Illustration : Jude Buffum
Every weekday at 5:00 a.m., a nondescript gray van rolls down the underground service road beneath the French National Library, in Paris, and arrives at a svelte glass skyscraper soaring above the bustling Seine River. Here, at the Tower of the Times, the van delivers a tiny but astoundingly rich snapshot of life in this country that takes its cultural heritage very seriously.
The van has been stuffed willy-nilly with two copies each of some 3000 periodicals printed recently in France that are being sent to the library for preservation. One morning last November, the haul includes the dailies Le Monde and L’Humanité, of course, and also the union newspaper Le Travailleur. Among the other lexical artifacts dutifully funneled from the van up into the tower are a booklet of classified advertisements, a concert flyer, several religious pamphlets, Busty Beauties magazine, and a community newsletter from Bonnes (population 330) announcing a town raffle for three hams, six bottles of wine, and a yogurt-making machine.
"We have a lot of so-called crap, and we’re happy about that," says Gildas Illien, an archivist at the library. His colleagues in other countries might turn up their noses at hard-core porn, advertisements, and obscure newsletters, but not Illien. "In a hundred years, what’s totally irrelevant or dirty today will end up becoming of extreme interest to historians," he declares.

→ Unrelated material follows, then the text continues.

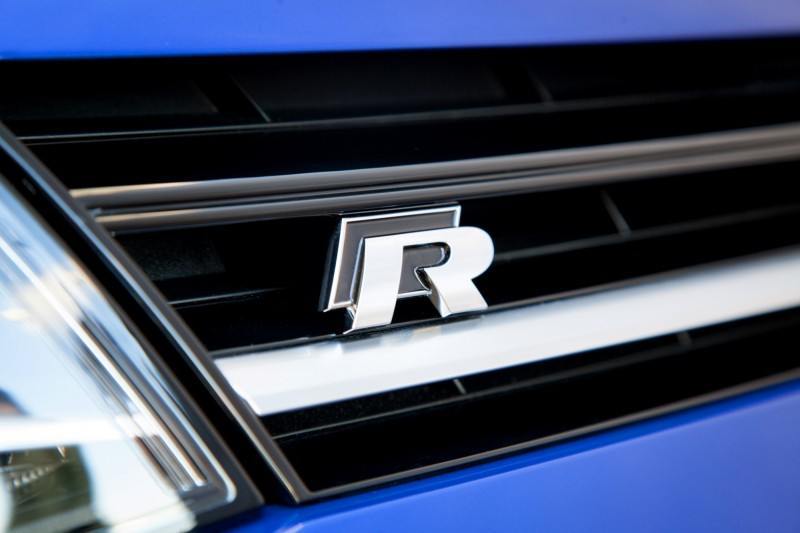 4.9s VW Golf R Officially Coming to USA in January 2015 With At Least 290HP 1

The Tower of the Times, where Illien works, is one of four spires, each composed of two perpendicular wings resembling the pages of an open book, that make up France’s newly modernized national library. The archivists here aren’t after just printed material; they’re preserving the electronic, too. In fact, it’s Illien’s daunting task to archive French Web sites—all of them, in all their evanescent, constantly changing, and multimedia splendor.
Since the ancient Sumerians compiled the first collections of inscribed clay tablets, many peoples have attempted to preserve documents, ephemera, and even the flotsam of their political, economic, and social tides. But perhaps no nation today tackles this endeavor as thoroughly as France, one of the few countries in which archivists have the legal right to copy and save virtual documents without fear of a copyright suit. Five centuries ago, King Francis I ordered book publishers to donate copies of their work to posterity. That legal deposit law, as it is known, has expanded over the years to include maps, music scores, periodicals, photographs, sound recordings, posters, motion pictures, television broadcasts, computer software, and finally, in 2006, the World Wide Web.
French archivists are still grappling with that most recent mandate. The Web, of course, is unlike any other publishing platform—not simply because it is amorphous and immeasurably large but because its "documents" are boundless. Nowadays, an "online publication" is barely recognizable as a publication in any traditional sense; it exists in a perpetual state of being updated, and it cannot be considered complete in the absence of everything else it’s hyperlinked to. Unlike books and newspapers, which have discernible titles, authors, beginnings, and ends, the Internet is utterly nonstandardized.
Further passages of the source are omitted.